あんたのどれいのままでいい

BABYMETAL中毒者の手記

ほとんど魔法

わたしの見立てによれば、メタル音楽はマッチョイズム(男っぽさの誇示)とナルシシズム(自己陶酔)の混合物である。

その混ぜ合わせはバンドや楽曲によっていろいろだが、例えば「あのバンドは7:3の割合でナルシシズムが強いね」とか、「やつらは8:2でマッチョイズムを前面に押し出しているぜ」などといった言い方が、少々乱暴ではあるができるように思う。
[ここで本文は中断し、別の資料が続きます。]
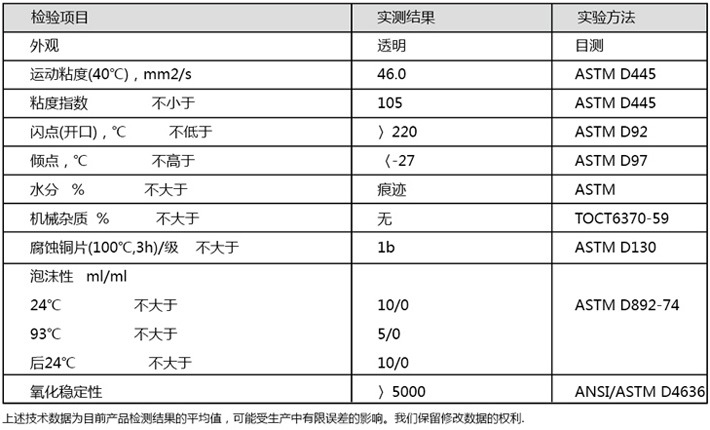 典型数据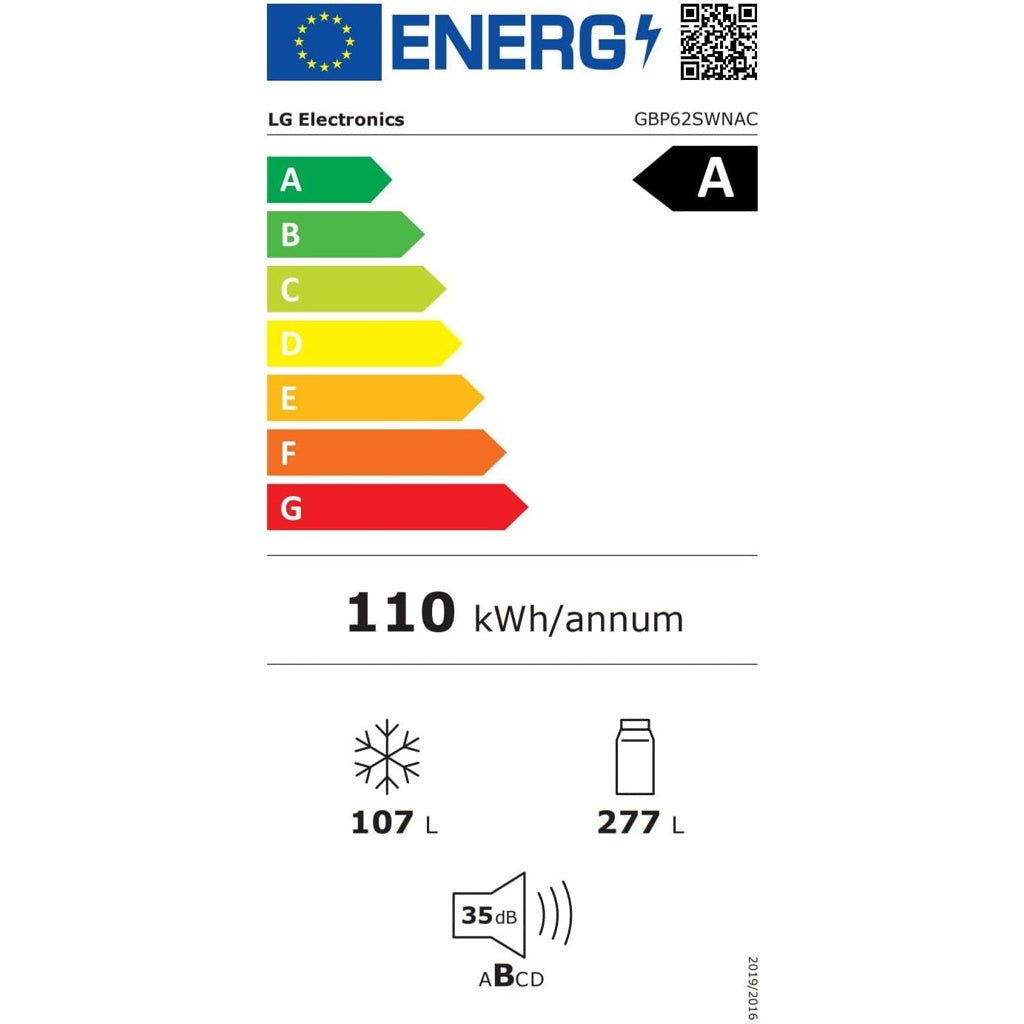Energielabel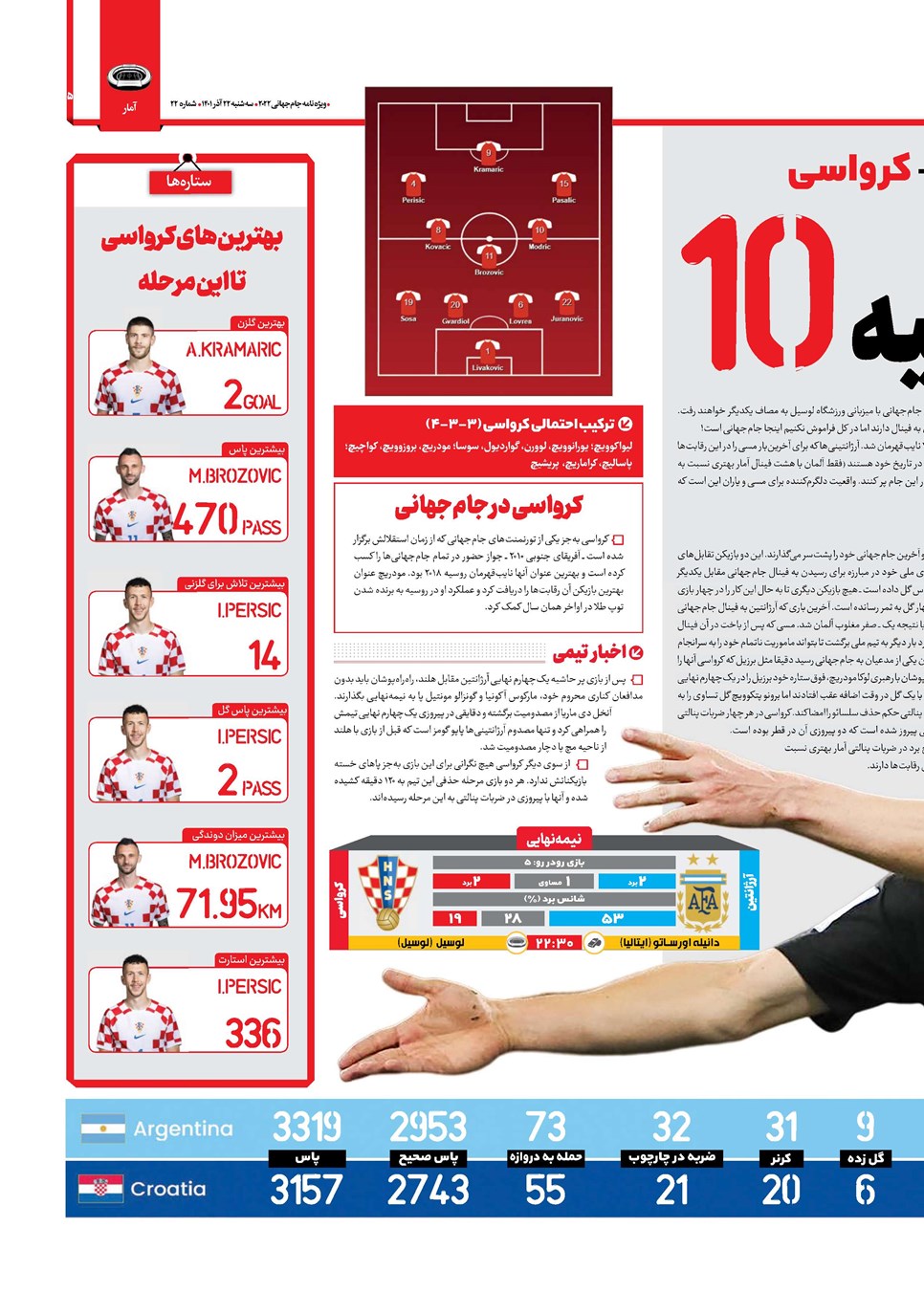 روزنامه تاریخ ۲۲ آذر ۱۴۰۱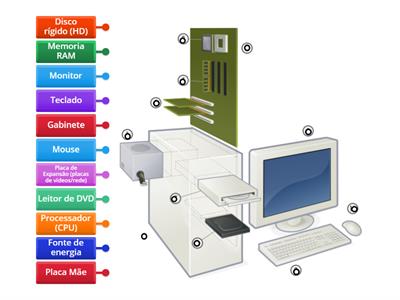 Componentes do computador
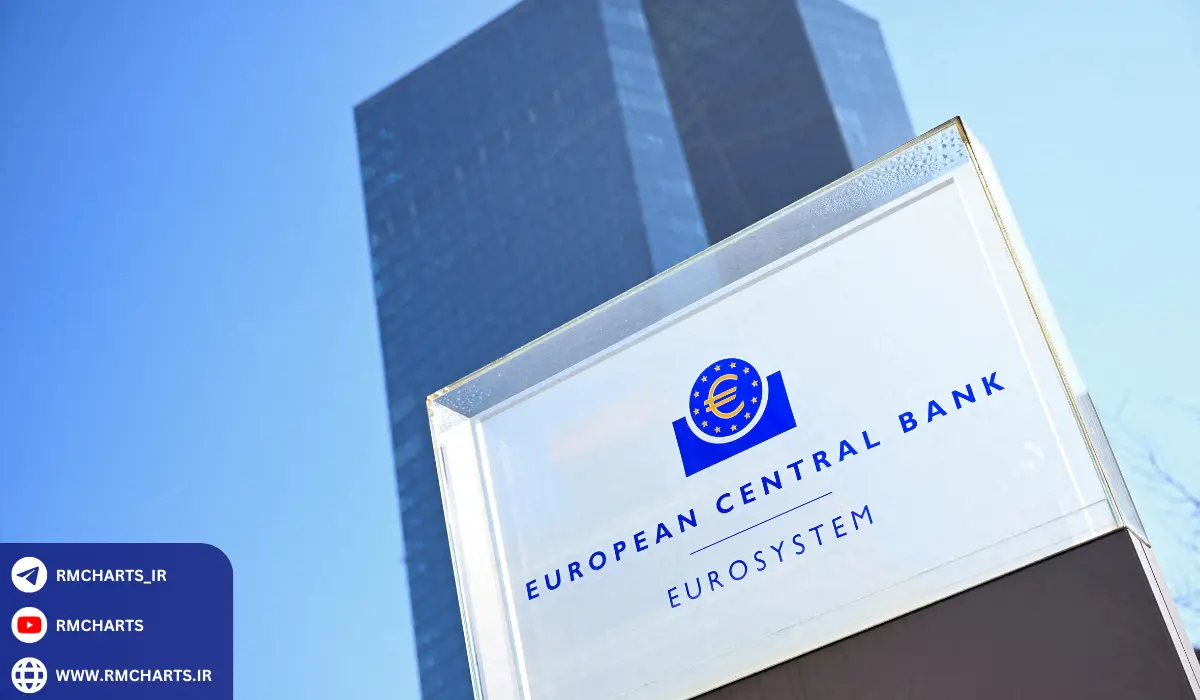 تأثیر نرخ بهره بر بازار اوراق قرضه و طلا چگونه است؟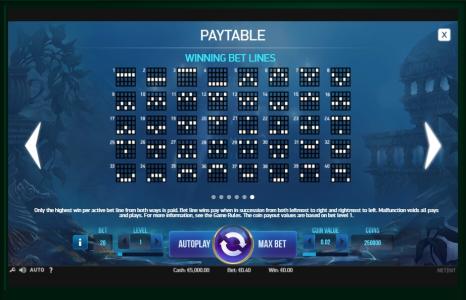 Secrets of Atlantis Slot Machine Paylines Screen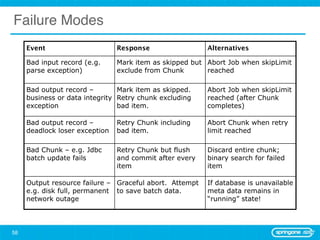 Failure Modes
     Event                      Response                 Alternatives

     Bad input record (e.g.     Mark item as skipped but Abort Job when skipLimit
     parse exception)           exclude from Chunk       reached

     Bad output record –        Mark item as skipped.    Abort Job when skipLimit
     business or data integrity Retry chunk excluding    reached (after Chunk
     exception                  bad item.                completes)

     Bad output record –        Retry Chunk including    Abort Chunk when retry
     deadlock loser exception   bad item.                limit reached

     Bad Chunk – e.g. Jdbc      Retry Chunk but flush    Discard entire chunk;
     batch update fails         and commit after every   binary search for failed
                                item                     item

     Output resource failure – Graceful abort. Attempt   If database is unavailable
     e.g. disk full, permanent to save batch data.       meta data remains in
     network outage                                      “running” state!




58
 
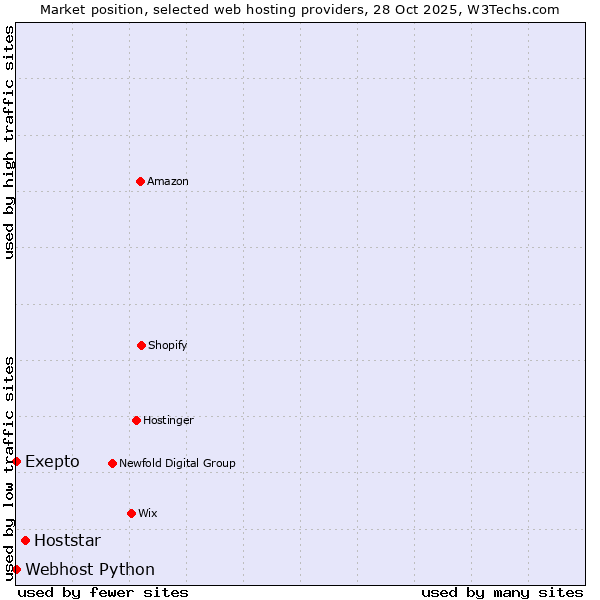 Market position of Hoststar vs. Webhost Python vs. Exepto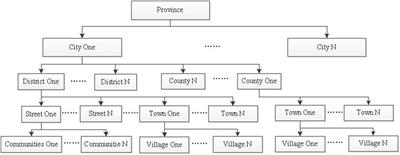 The impact of rural loudspeaker systems on typhoon disasters: Guangdong Province of China
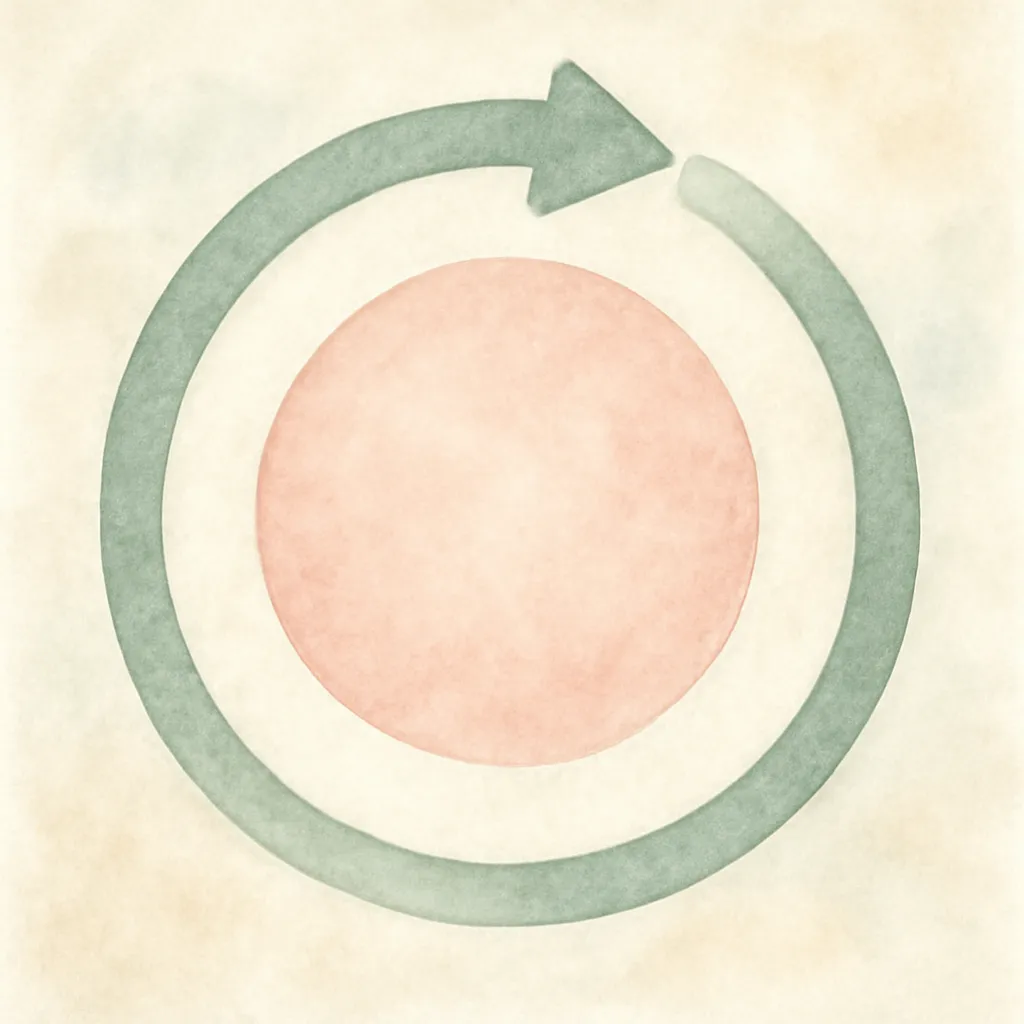 「循」のイラスト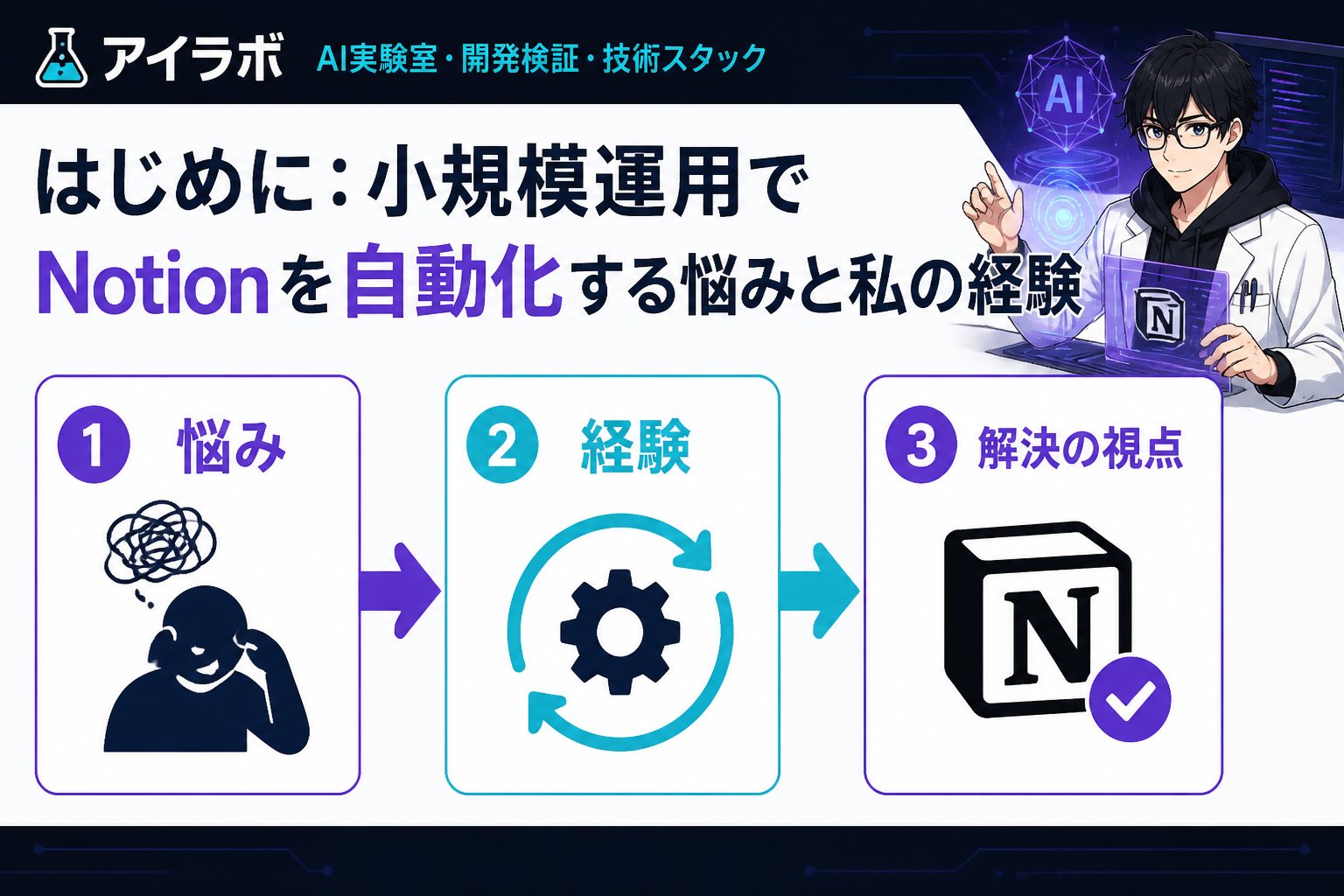 プログラミング はじめに: 小規模運用でNotionを自動化する悩みと私の経験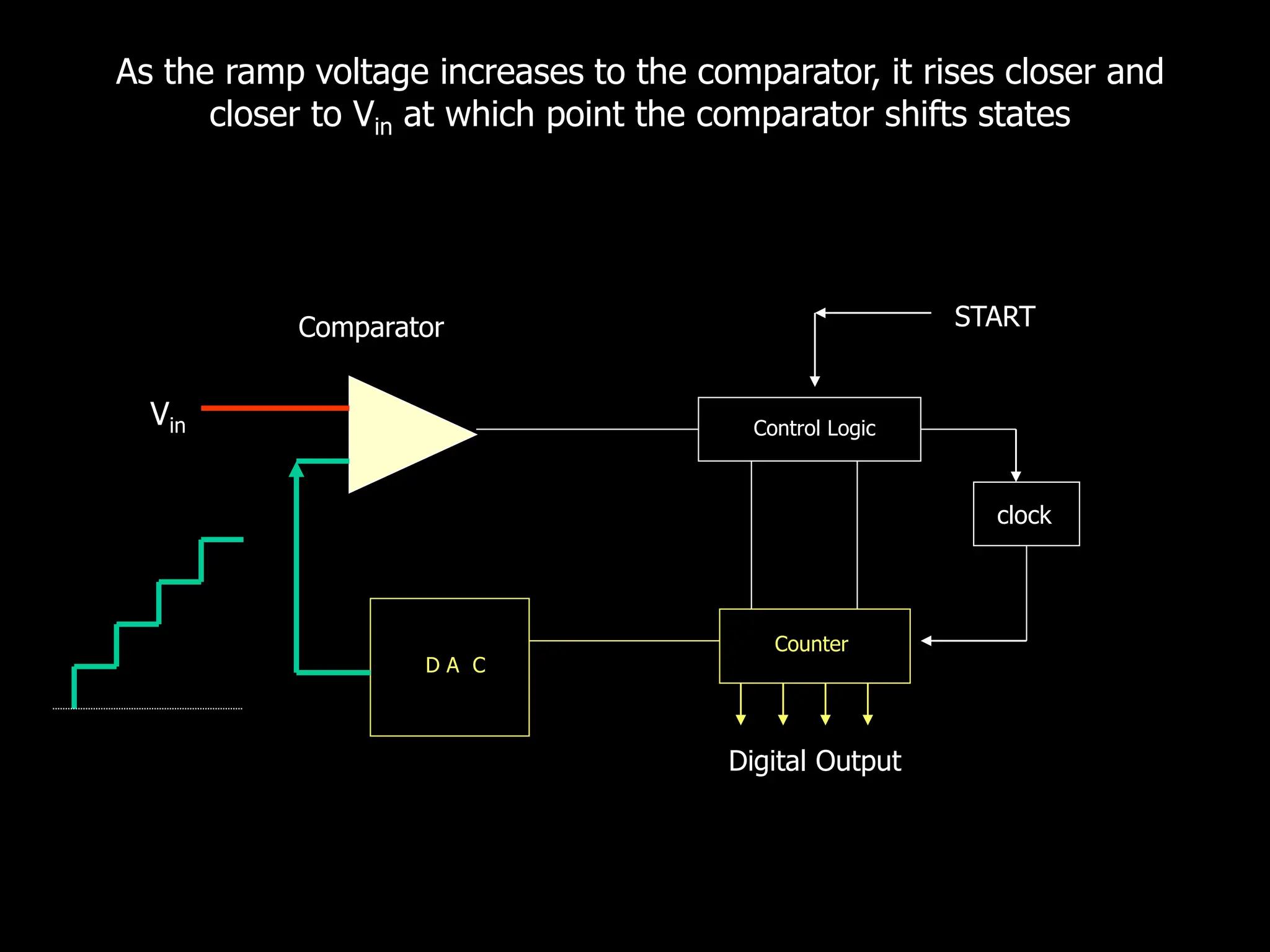 Control Logic
D A C
Counter
START
Vin
Comparator
Digital Output
clock
As the ramp voltage increases to the comparator, it rises closer and
closer to Vin at which point the comparator shifts states
 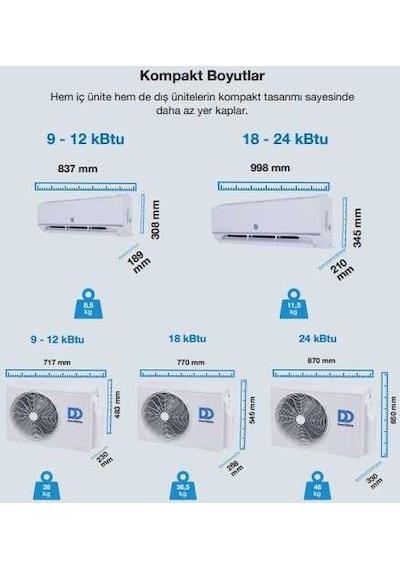 Demirdöküm Kion R32 12000 BTU Inverter Klima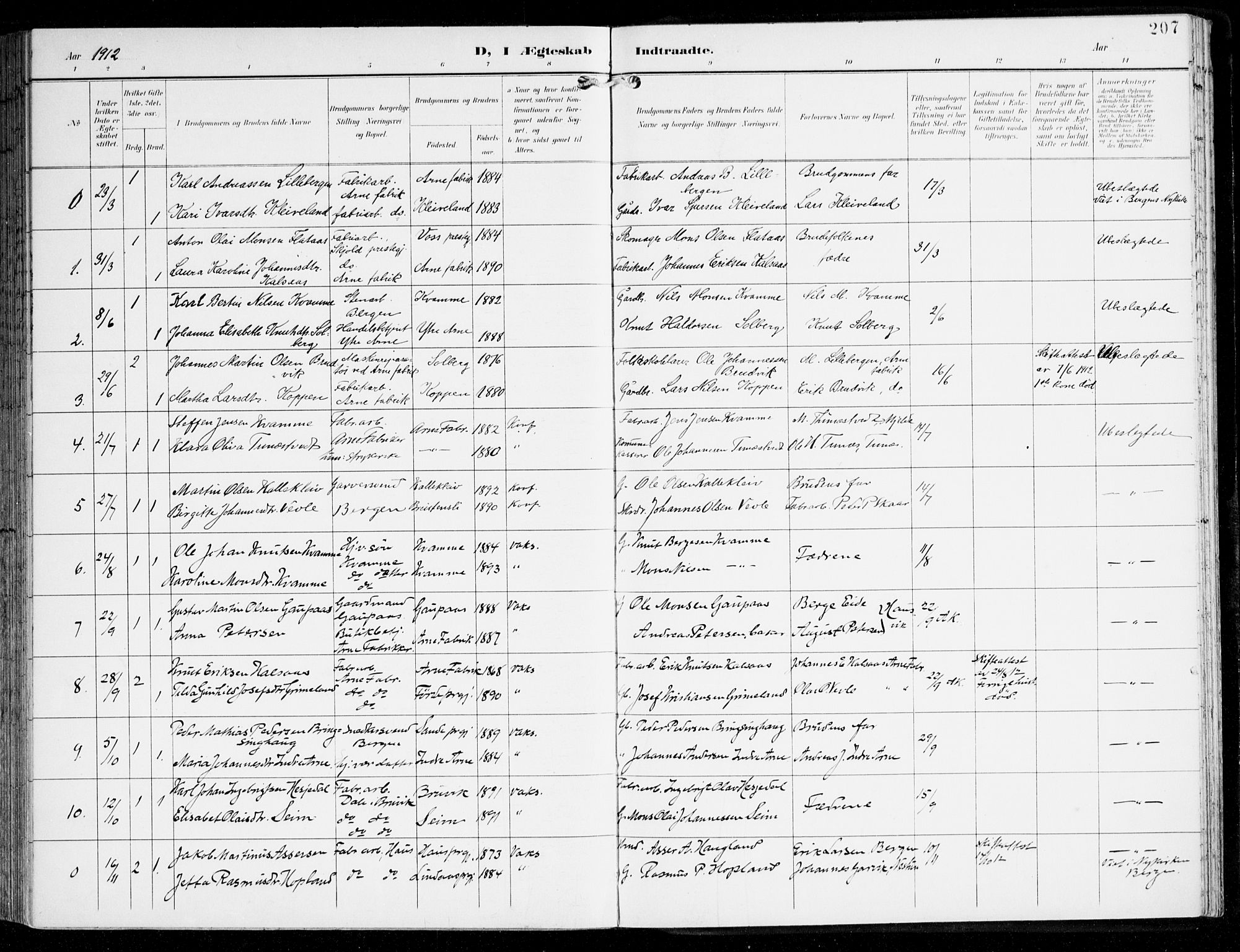 Haus sokneprestembete, AV/SAB-A-75601/H/Haa: Parish register (official) no. D 2, 1899-1912, p. 207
個人的に言ってナルシシズムの強いメタル音楽が苦手だ。例のハイトーンヴォイス、自慰主義的なギターソロ、嫌に扇情的で仰々しいコード進行など、何もかもが生理的に無理なのだ。架空の嘔吐感をもよおすほどである。

ではBABYMETALの音楽はどうだろうか。

話をわかりやすくするために、SU-METALのソロ曲『紅月-アカツキ-』を例に考えてみたい。

まずはこの楽曲を男子が自己陶酔感たっぷりに、腰をクネらしながら歌うさまを想像する。ガクトでも、ハイドでも、エグザイルでも、とにかくナルシストっぽい男なら誰でもよい。

勘弁してください!もう許してください!お昼に食べた架空のナポリタンを比喩的に嘔吐してしまいそうです!

当然こうなる。

楽曲そのものがすでに相当量のナルシシズムを含有しているからだ。

ことにザラつくギターのアルペジオではじまるイントロ、そうしてツインギターが織りなす間奏部分は、俗に言うクサメタルの真骨頂と形容すべき代物である。そこへさらに男のナルシスティックな歌声が加わろうものなら、わたし個人の感覚としてはほとんど拷問だ。犯してもいない罪をうっかり自白しかねない。

では逆にSU-METALが歌うことで何が起きたのか。

彼女の真っ直ぐで、ひたむきで、外連味のない歌声によって、本来ナルシシズムの強い楽曲それ自体が何かしら別のものへと変質したのではないか、というのがわたしの見立てである。

そうでなければ筋が通らない。わたしのようなナルシシズム・アレルギーの人間がこうも心を揺すぶられるはずがない。

BABYMETALの音楽ではこのような化学反応がいたる場所で起きている。メタル音楽特有のナルシシズムは消臭され、中和され、分解されると同時に、より普遍的な意味での美しさや純粋さ、さらには気高さや勇敢さといったようなものへと変化を遂げている。

そのひとつひとつの瞬間に、年齢、性別、国籍を問わず多くの音楽ファンが長年待ち焦がれていた、いまだかつて誰も体験したことのない、まったく新しい物語が紡ぎ出されているのである。

これはもう、あれだ、ほとんど魔法。